Pemerintah Terhambat Masalah Lahan untuk Bangun Kopdes Merah Putih

[original_title]

custompaperswriting.com – Kementerian Koperasi mengakui adanya tantangan dalam pembangunan Koperasi Desa/Kelurahan Merah Putih (KDMP) di perkotaan. Menteri Koperasi, Ferry Juliantono, menyampaikan hal ini dalam rapat kerja dengan Komisi VI DPR RI di Jakarta, Kamis. Salah satu kendala utama adalah keterbatasan lahan yang memenuhi kriteria, yaitu sekitar 1.000 meter persegi, yang sulit ditemukan di kawasan urban.

Ferry menjelaskan bahwa pemerintah telah melaporkan kondisi ini kepada Presiden dan akan melakukan pembangunan KDMP secara bertahap. “Fokus kami sekarang adalah pada 40 ribu titik,” ungkapnya. Ia menegaskan bahwa pemerintah tidak akan memaksakan target membangun 80 ribu KDMP dalam waktu singkat, melainkan akan mengutamakan kualitas operasional koperasi yang terbentuk.

Saat ini, pemerintah sedang mengkaji kemungkinan penyesuaian desain pembangunan KDMP. Salah satu opsi yang sedang dipertimbangkan adalah memperlonggar ketentuan luas lahan dan menerapkan bangunan vertikal.
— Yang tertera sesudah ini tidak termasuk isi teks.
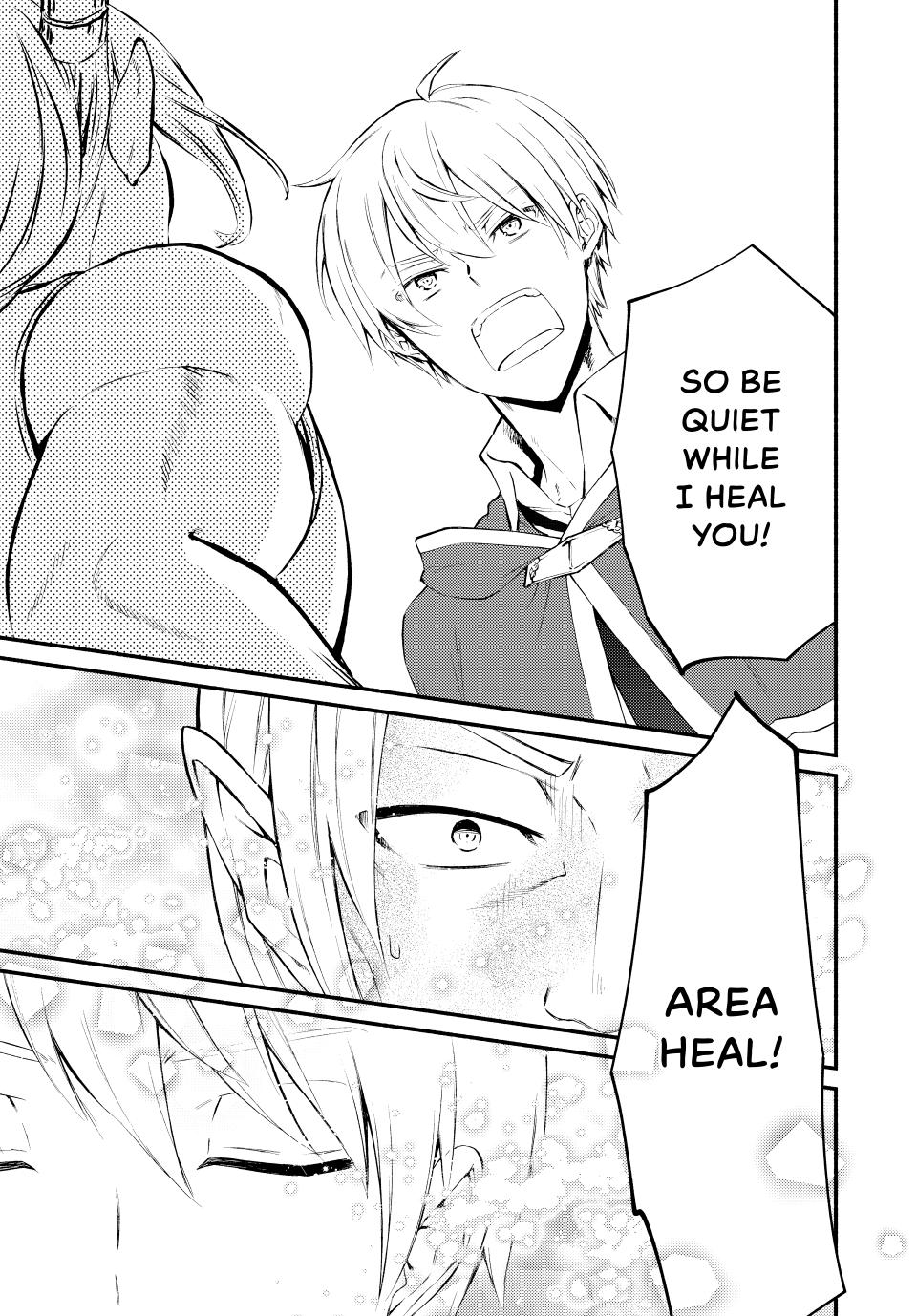Seija Musou: Salaryman, Isekai de Ikinokoru Tame ni Ayumu Michi Chap 54 - Next Chap 55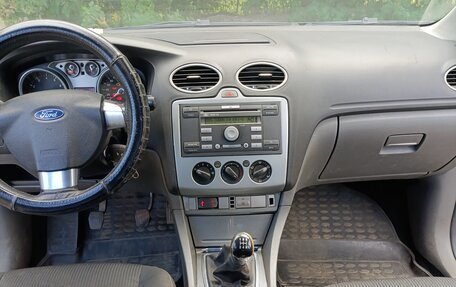 Ford Focus II рестайлинг, 2010 год, 472 000 рублей, 10 фотография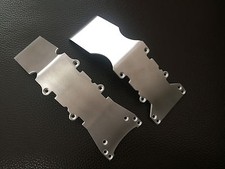 HD Aluminum S-Link Front and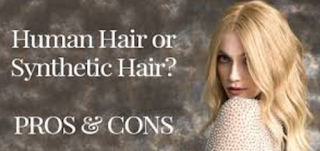 Human Hair Wig Versus Synthetic Hair Wig - The Pros And Cons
Hal ini juga mengarah kepada penyesuaian pembangunan di desa atau kelurahan dengan jumlah penduduk yang relatif sedikit.

Pemerintah berupaya untuk mempercepat operasionalisasi Koperasi Merah Putih di berbagai daerah, termasuk meluncurkan 1.061 Koperasi di Jawa Tengah dan Jawa Timur sebagai langkah awal. Mereka menargetkan hingga 40 ribu unit beroperasi pada akhir 2026. Saat ini, terdapat 83 ribu koperasi berbadan hukum, dengan 12.533 yang telah menyelesaikan pembangunan fisik dan 22.737 di antaranya masih dalam proses.